* **What the exercise asks**
Pictures aside, please retype the whole listing word for word.

* **Raw data**
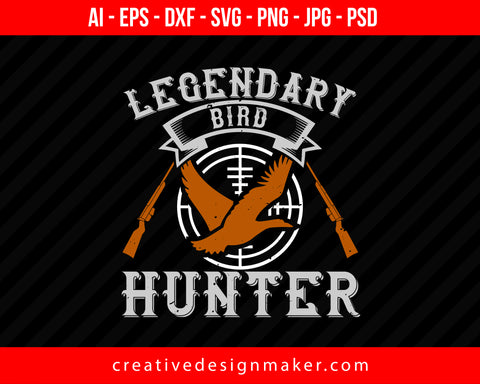 Legendary Bird Hunter Print Ready Editable T-Shirt SVG Design!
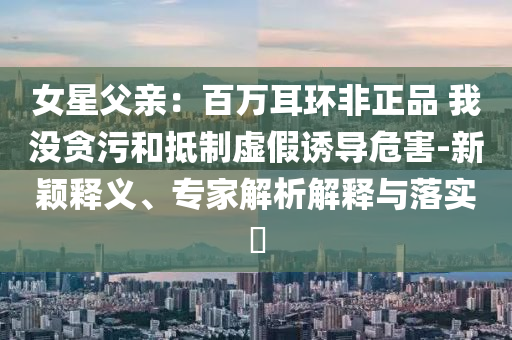 女星父親：百萬耳環(huán)非正品 我沒貪污和抵制虛假誘導(dǎo)危害-新穎釋義、專家解析解釋與落實(shí)?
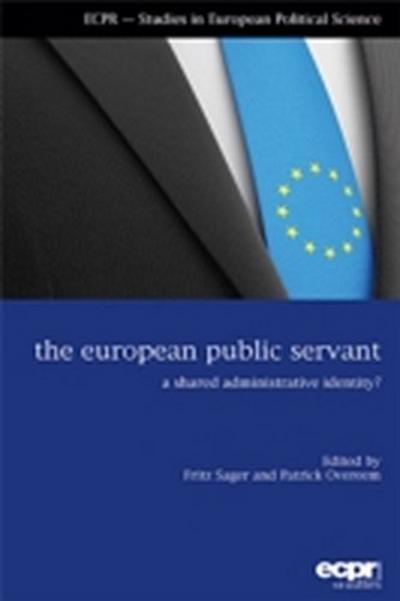 The European Public Servant : A Shared Administrative Identity?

* **Response for this exercise**
 Legendary Bird Hunter Print Ready Editable T-Shirt SVG Design!
 女星父親：百萬耳環(huán)非正品 我沒貪污和抵制虛假誘導(dǎo)危害-新穎釋義、專家解析解釋與落實(shí)?
 The European Public Servant : A Shared Administrative Identity?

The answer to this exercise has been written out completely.